Au Maroc, le barrage Sidi Mohammed Ben Abdellah pourrait être équipé de ces solutions pour réduire les pertes d’eau et, combiné à des panneaux solaires flottants, produire une énergie propre pour alimenter les zones rurales environnantes.

Mobilisation numérique et collaboration internationale : De la crise à l’opportunité

L’utilisation des technologies numériques représente une étape cruciale dans la modernisation de la gestion hydrique. Les capteurs IoT permettent un suivi en temps réel des niveaux d’eau dans les barrages et les nappes phréatiques, tandis que l’intelligence artificielle offre des prévisions précises pour optimiser les allocations d’eau.

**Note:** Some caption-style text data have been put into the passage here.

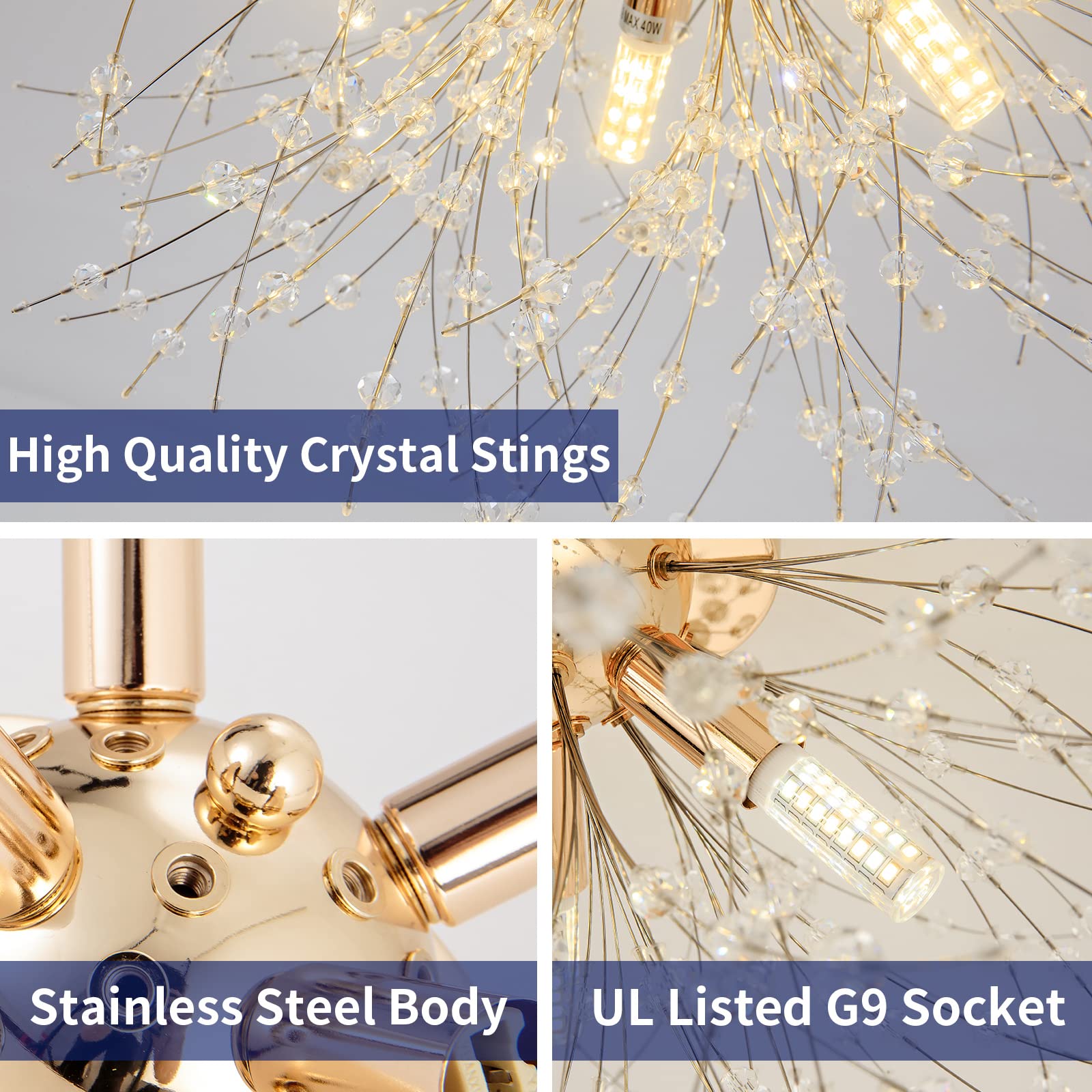 Modern Small Crystal Ceiling Light Fixture, 4-Light Gold Crystal Sputnik Firework Chandelier, Semi Flush Mount Ceiling Light Fix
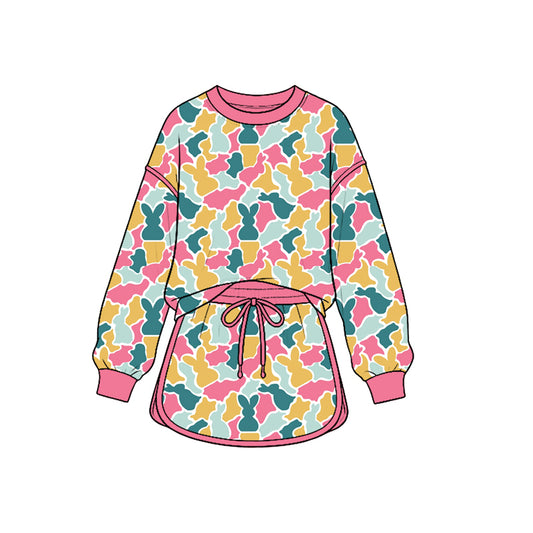 Preorder GLD1825 Baby Girl Clothes Easter Carnival Bunny Camo Print Long‑sleeve Sweatshirt Dress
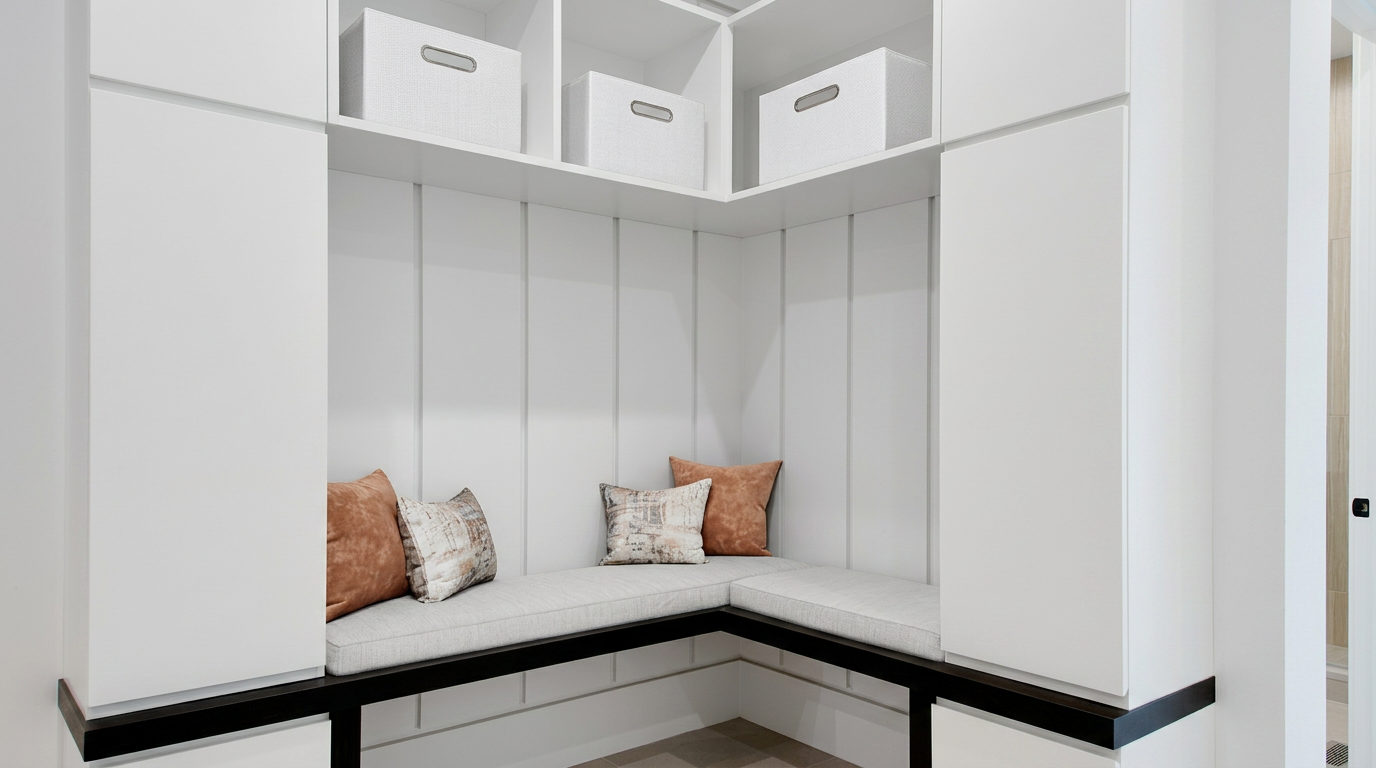 This built-in mudroom nook features custom white cabinetry and a corner bench seat with light gray cushions. The space is accented by four decorative throw pillows and three coordinating storage baskets on the upper shelf. The clean, modern aesthetic is emphasized by the vertical shiplap detailing and contrasting dark trim, making it a functional and stylish entryway or transition area.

La collaboration internationale joue également un rôle déterminant. Singapour, Israël et les Pays-Bas démontrent l’importance d’un partage des connaissances et d’une gestion transfrontalière efficace. Le Maroc, en tirant parti de ces expériences, peut non seulement moderniser ses infrastructures, mais aussi devenir un acteur clé dans la coopération régionale sur l’eau en Afrique du Nord.

Le Maroc, confronté à une crise hydrique sans précédent, a les moyens de transformer ce défi en une opportunité durable. En combinant des technologies innovantes, comme la réutilisation des eaux grises et les panneaux photovoltaïques flottants, avec des approches intégrées et collaboratives, le Royaume peut garantir une gestion hydrique résiliente.

Ce chemin nécessite une vision claire, soutenue par une volonté politique forte et l’implication active des citoyens. Face aux défis du changement climatique, l’innovation, la mobilisation et la coopération internationale seront les piliers d’un avenir hydrique durable et prometteur.

​Références


• UNESCO. Rapport mondial sur l’eau, 2023.
• PNUD. Études hydriques nationales, 2023.
• International Renewable Energy Agency. "Floating PV Systems and Water Management," 2022.